Start of Source material

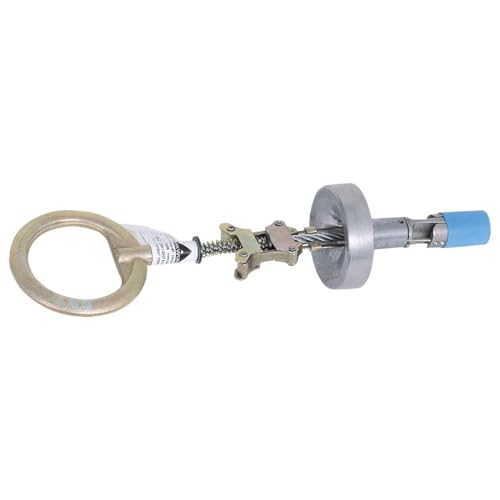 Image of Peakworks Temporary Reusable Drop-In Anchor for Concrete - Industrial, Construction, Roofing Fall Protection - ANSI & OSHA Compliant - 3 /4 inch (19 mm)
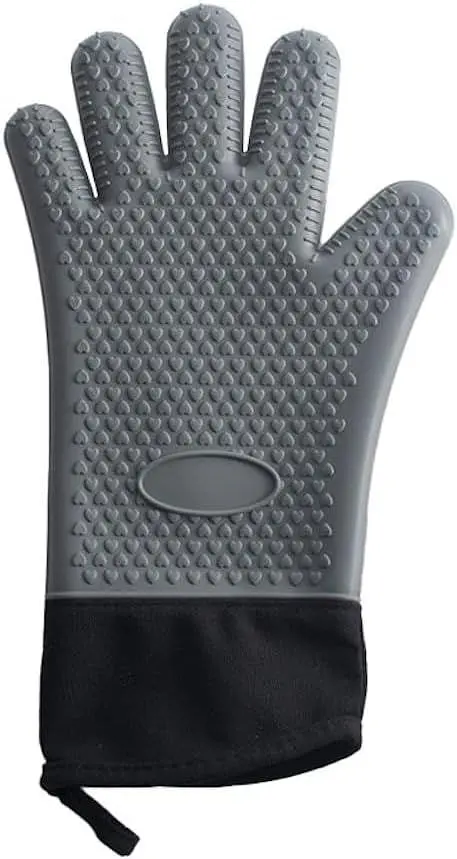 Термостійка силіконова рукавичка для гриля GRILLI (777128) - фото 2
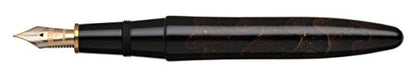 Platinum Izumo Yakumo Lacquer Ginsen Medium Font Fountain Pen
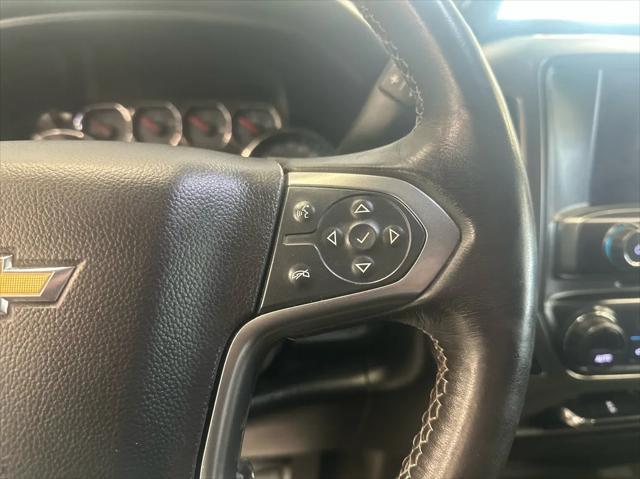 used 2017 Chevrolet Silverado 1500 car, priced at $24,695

End of Source material

Brief: Every line of the material must be returned exactly; leave the images out.

Response to this exercise:
 Image of Peakworks Temporary Reusable Drop-In Anchor for Concrete - Industrial, Construction, Roofing Fall Protection - ANSI & OSHA Compliant - 3 /4 inch (19 mm)
 Термостійка силіконова рукавичка для гриля GRILLI (777128) - фото 2
 Platinum Izumo Yakumo Lacquer Ginsen Medium Font Fountain Pen
 used 2017 Chevrolet Silverado 1500 car, priced at $24,695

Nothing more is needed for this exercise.